**What is required**
Quote exactly and only this range of lines in the data below: the line that holds "Bluza dziecięca chłopięca dresowa morski 128" to the line that holds "2026 Nový pánský", both included.

*** Data excerpts ***

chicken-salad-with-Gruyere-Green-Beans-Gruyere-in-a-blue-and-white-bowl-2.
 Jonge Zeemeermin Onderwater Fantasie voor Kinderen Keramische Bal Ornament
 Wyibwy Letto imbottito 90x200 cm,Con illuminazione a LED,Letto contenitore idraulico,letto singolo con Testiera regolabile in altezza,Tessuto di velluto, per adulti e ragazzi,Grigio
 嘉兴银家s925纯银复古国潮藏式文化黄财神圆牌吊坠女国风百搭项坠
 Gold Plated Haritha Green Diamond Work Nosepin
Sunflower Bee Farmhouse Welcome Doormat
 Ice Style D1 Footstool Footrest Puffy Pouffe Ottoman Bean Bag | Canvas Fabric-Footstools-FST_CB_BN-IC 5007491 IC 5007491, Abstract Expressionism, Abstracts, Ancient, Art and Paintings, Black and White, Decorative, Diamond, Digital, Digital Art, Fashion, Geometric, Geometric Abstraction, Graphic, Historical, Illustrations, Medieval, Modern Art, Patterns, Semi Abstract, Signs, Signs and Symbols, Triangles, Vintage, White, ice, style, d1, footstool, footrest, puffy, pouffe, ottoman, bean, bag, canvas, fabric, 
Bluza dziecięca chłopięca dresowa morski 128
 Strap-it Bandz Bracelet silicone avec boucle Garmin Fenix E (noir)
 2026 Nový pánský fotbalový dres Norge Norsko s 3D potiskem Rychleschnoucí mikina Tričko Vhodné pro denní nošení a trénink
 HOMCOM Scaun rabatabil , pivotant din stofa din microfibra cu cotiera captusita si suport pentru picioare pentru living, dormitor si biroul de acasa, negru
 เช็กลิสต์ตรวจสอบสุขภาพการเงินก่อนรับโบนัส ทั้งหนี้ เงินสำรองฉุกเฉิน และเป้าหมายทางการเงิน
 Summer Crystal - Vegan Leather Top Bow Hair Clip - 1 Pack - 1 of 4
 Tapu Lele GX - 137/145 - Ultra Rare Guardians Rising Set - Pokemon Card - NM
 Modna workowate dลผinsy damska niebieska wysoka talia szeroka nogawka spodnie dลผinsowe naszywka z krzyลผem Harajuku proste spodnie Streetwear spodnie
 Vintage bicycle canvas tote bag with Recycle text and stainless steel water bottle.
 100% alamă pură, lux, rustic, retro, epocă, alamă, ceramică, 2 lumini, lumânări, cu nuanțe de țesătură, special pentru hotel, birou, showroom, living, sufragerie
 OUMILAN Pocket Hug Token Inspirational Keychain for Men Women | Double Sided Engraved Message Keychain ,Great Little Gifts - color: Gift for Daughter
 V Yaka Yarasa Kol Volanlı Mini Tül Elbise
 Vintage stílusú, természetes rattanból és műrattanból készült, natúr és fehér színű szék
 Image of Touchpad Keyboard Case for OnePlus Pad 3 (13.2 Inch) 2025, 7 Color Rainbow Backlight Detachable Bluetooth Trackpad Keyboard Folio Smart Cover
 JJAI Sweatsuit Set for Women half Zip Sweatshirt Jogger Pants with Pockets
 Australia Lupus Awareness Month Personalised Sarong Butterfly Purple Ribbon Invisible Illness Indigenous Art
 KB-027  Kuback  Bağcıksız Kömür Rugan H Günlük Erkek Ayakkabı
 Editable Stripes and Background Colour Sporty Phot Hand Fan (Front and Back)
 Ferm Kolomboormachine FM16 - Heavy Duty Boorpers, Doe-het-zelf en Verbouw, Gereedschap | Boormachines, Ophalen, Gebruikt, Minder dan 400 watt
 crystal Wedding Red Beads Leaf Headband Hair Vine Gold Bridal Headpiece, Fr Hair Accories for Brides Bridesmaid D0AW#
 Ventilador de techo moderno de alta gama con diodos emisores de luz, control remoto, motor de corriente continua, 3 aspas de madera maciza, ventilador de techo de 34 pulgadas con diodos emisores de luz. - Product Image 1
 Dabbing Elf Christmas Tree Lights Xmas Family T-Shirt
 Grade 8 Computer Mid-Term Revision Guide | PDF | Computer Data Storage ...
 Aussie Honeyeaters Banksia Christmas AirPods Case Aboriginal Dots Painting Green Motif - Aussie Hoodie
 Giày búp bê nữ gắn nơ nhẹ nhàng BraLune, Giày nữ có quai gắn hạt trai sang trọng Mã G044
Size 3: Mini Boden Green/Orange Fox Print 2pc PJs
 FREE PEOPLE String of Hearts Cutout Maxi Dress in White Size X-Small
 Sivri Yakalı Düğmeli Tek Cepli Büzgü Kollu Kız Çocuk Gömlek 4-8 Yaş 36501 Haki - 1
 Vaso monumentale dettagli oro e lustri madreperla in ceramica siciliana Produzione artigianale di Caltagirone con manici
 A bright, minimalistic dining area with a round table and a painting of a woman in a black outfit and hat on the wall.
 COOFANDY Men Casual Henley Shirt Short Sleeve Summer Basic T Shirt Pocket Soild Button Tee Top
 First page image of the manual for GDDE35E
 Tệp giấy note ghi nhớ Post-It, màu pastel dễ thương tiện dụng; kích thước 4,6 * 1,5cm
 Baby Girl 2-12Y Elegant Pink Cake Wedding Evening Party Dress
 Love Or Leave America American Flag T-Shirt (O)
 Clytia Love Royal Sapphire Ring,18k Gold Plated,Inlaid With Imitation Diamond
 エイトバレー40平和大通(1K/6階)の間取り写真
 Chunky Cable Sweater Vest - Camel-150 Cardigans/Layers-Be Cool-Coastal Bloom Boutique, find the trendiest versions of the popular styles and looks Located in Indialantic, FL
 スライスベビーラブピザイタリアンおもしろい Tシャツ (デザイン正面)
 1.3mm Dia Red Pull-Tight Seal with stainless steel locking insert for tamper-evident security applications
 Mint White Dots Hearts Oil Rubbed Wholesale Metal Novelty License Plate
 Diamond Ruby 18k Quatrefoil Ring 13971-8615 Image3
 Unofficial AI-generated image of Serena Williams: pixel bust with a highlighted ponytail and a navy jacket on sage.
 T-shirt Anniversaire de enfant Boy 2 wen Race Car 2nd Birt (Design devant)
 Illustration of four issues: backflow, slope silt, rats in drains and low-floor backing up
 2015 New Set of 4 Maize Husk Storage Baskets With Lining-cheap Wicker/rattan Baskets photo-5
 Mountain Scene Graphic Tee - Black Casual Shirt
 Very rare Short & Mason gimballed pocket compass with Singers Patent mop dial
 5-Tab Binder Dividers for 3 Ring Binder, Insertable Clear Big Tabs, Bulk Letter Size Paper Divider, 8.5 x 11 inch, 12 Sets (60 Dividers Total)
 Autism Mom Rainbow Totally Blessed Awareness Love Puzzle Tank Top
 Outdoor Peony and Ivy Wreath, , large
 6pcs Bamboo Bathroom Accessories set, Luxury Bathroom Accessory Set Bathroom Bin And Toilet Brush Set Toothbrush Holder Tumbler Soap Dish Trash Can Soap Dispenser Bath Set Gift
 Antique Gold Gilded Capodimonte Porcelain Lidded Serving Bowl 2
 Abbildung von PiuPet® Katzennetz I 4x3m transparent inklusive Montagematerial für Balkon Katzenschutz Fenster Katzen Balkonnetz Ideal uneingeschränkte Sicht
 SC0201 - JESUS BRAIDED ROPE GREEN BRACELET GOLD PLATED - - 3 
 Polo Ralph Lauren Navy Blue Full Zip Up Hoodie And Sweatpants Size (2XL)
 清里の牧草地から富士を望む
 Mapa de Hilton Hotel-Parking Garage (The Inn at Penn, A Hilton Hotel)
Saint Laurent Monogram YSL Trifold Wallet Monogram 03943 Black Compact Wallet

*** End of Data excerpts ***

**Written answer**
Bluza dziecięca chłopięca dresowa morski 128
 Strap-it Bandz Bracelet silicone avec boucle Garmin Fenix E (noir)
 2026 Nový pánský fotbalový dres Norge Norsko s 3D potiskem Rychleschnoucí mikina Tričko Vhodné pro denní nošení a trénink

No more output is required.